The reindex script runs on Vercel's prebuild step. It reads every embeddable source, chunks it on paragraph boundaries with ~450 tokens per chunk and 200-char overlap, SHA-256-hashes each chunk's content, and compares against the existing content_hash in documents. Only new or changed chunks get re-embedded. Stale rows (chunks that no longer exist in the source) are deleted; embeddings cascade via FK.

The script is fail-soft on purpose. If VOYAGE_API_KEY isn't set, if Voyage 5xxs, if Supabase is briefly unreachable — it logs and exits zero. The chatbot stays one revision stale. The deploy still ships. Set REINDEX_STRICT=1 to invert that policy if I ever want the build to gate on corpus freshness. So far I haven't needed to.

What I'd do differently

Three things I'd change today, written down so I remember:

Retrieval should be one RPC, not three round-trips. The spend check, the rate-limit check, and match_documents are three sequential PostgREST calls. Clarity per call is good; first-token latency on a cold edge is bad. A single PL/pgSQL function that returns { allowed, reason, citations } would cut the wait before the first byte by about half.

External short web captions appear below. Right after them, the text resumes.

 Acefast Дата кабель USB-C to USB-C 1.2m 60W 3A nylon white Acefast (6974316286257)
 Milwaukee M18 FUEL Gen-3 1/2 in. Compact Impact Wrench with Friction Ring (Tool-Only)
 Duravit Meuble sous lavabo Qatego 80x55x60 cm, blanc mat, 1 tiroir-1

Don't emit citations below a similarity floor. Right now the route always returns top-5 chunks, even when the top result is a weak cosine match. The model handles it — it says “this isn't really covered, email Raghu directly” — but the UI has already rendered five misleading source pills by the time the answer admits the corpus doesn't know. A floor at cosine similarity < 0.45 would fix that.

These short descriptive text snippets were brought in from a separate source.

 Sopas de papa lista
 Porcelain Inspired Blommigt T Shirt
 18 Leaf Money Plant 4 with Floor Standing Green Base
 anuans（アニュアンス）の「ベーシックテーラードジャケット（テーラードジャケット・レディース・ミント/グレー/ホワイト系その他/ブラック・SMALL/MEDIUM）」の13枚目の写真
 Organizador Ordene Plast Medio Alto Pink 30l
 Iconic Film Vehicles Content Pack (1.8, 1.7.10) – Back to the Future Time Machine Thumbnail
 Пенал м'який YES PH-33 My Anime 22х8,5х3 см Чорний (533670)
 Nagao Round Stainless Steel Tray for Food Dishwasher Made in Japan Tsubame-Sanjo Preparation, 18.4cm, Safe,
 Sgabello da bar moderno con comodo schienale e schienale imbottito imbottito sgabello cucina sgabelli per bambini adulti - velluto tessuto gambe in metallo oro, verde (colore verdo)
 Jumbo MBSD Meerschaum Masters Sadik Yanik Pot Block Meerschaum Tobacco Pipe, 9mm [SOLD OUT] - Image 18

Log retrieval quality, not just usage. The current tables tell me how much I spent. They don't tell me which questions retrieved garbage. A per-question table with the question, the chunk ids, the cosine scores, and a hash of the answer would let me run a nightly check for low-similarity retrievals and ungrounded sentences. Right now I find the gaps by accident. Principal-level systems don't find their gaps by accident.

Why this is on the site

I could have written this as a Medium post and left it at that. The reason it lives at /chat is the same reason every project I take seriously eventually ends up as a service rather than a slide deck: shipping forces honesty. The cost cap is real because it's real money. The citation contract is enforced because the recruiter clicks the link. The reindex pipeline is fail-soft because the next deploy ships either way. None of those constraints survive contact with a hypothetical chatbot in a Notion doc. They all survive contact with one running at a URL someone is about to paste into a hiring channel.